Итак, расширив понятие знания, вернее, выявив его скрытые корни, мы пришли к заключению о познаваемости ноуменального мира. (Важно подчеркнуть, что именно «я» является той дверью, которая открывает для нас мир ноуменов.) Логика рассуждений Канта, напротив, привела его к абсолютизации различий между миром феноменов и миром ноуменов и закономерному выводу о невозможности интеллектуального преодоления этого онтологического разрыва. Тем большего внимания заслуживает тот факт, что, невзирая на кажущуюся убедительность собственных логических построений, Кант по сути отказался от них и постулировал необходимость нравственного закона, выражающего абсолютные этические истины, которые, чтобы быть таковыми, должны опираться на законы ноуменального мира. Далее из безусловной обязательности моральных норм Кант последовательно выводит постулаты о свободе воли, бессмертии души и существовании Бога, фактически восстанавливая метафизику в ее правах. Таким образом, Кант, подобно библейскому Валааму, желая «проклясть» метафизический подход к познанию, в итоге его благословил.

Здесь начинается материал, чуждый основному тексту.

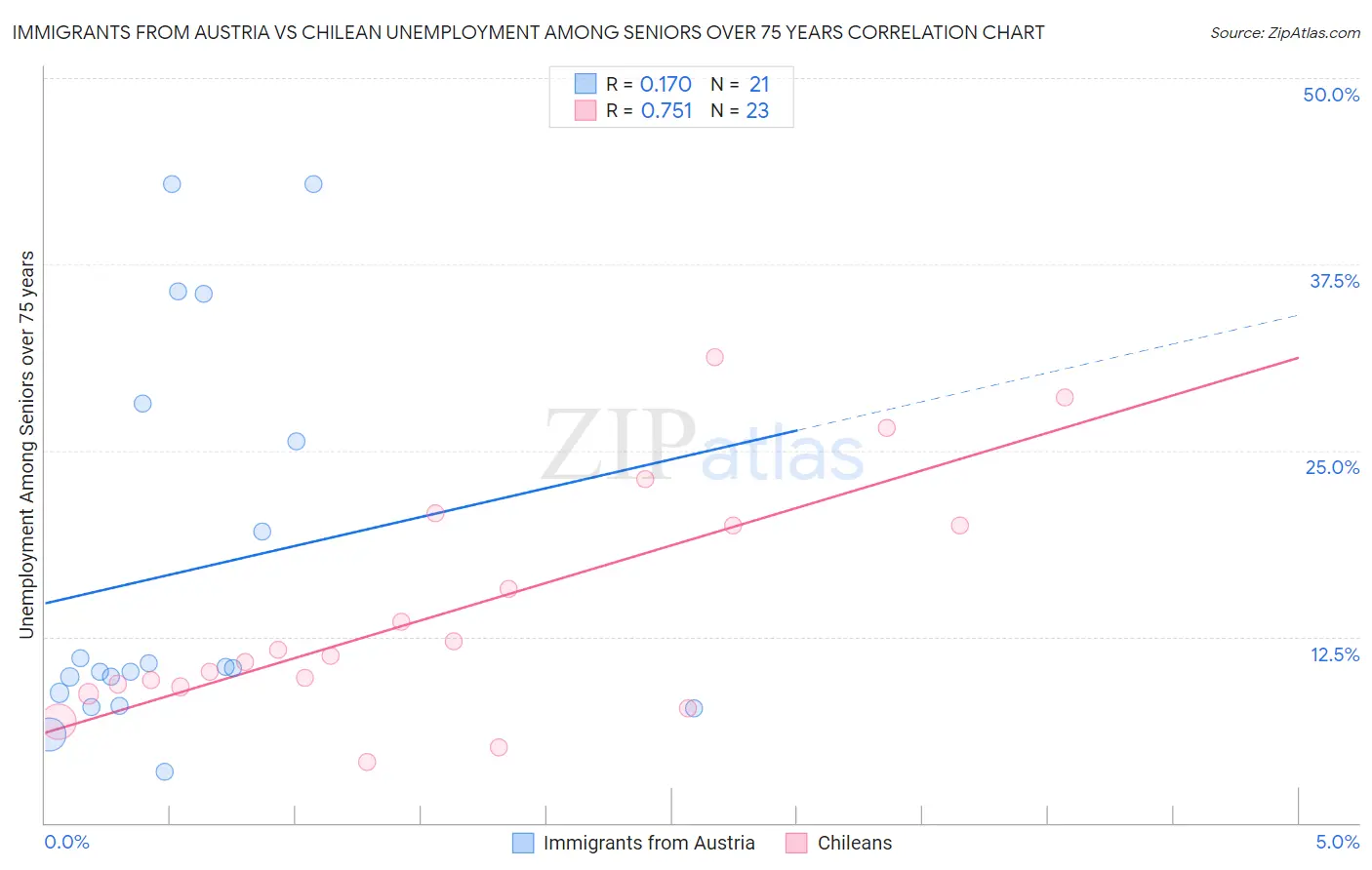 Immigrants from Austria vs Chilean Unemployment Among Seniors over 75 years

Гегель, можно сказать, продолжил дело Канта по «исправлению» философии и трансформации ее в некое подобие науки. Однако если Кант пытался в каком-то смысле примирить априорную познавательную деятельность чистого разума и познание на основе опыта, четко разграничив их сферы приложения, то Гегель возвысил чистое мышление над опытом, придав ему «научное основание» — диалектический метод, с помощью которого осуществляется переход одних понятий в другие. Эта обособленная жизнь понятий для гегелевской философии имеет гораздо большее значение, чем явления реальной жизни. В этом смысле характерна приписываемая Гегелю фраза: «Если факты противоречат моей теории, тем хуже для фактов». И действительно, кажется, что кантовская критика спекулятивного мышления, во многом вполне справедливая, была Гегелем совершенно проигнорирована. В сущности, Кант и Гегель оказались приверженцами двух крайних позиций: первый чересчур скептично оценивал возможности разума, преувеличивая его зависимость от непосредственных данных внешнего опыта, второй же явно переоценивал нашу способность адекватно оперировать понятиями в отрыве от опыта. Гегелевский мир понятий, дистиллированный от всего единичного, достигает пределов абстрактности и становится своеобразным апофеозом платонизма с его идеями-первообразами. И если у Платона идеи и эйдосы все же тесно связаны с конкретностью явленного, то гегелевская «абсолютная идея» максимально дистанцирована от своего материального инобытия. Отдавая дань справедливости, надо отметить, что Гегель сумел построить, пожалуй, самую грандиозную философскую систему; однако строение это напоминает причудливую башню из слоновой кости, где легко заблудиться в лабиринте отвлеченных философских понятий и категорий.
Закономерным итогом распространения такого способа философствования стало появление в начале XX века лингвистической теории Людвига Витгенштейна, утверждавшего, что метафизика (иначе говоря, вся старая философия) представляет собой лишь языковую игру, в которой значения слов плохо определимы, и все ее «вечные» вопросы попросту не имеют смысла; то есть наиболее адекватным ответом на эти вопросы будет указание на то, что они неправильно сформулированы. Можно усмотреть некую иронию в том, что если философия Гегеля была изложена в объемистых трудах, то наиболее известное произведение Витгенштейна — «Логико-философский трактат» — являет собой тоненькую брошюру. Это напоминает ситуацию в живописи, где многовековые поиски сюжета и стиля привели к «Черному квадрату», созданному Малевичем примерно в то же время, что и работа Витгенштейна.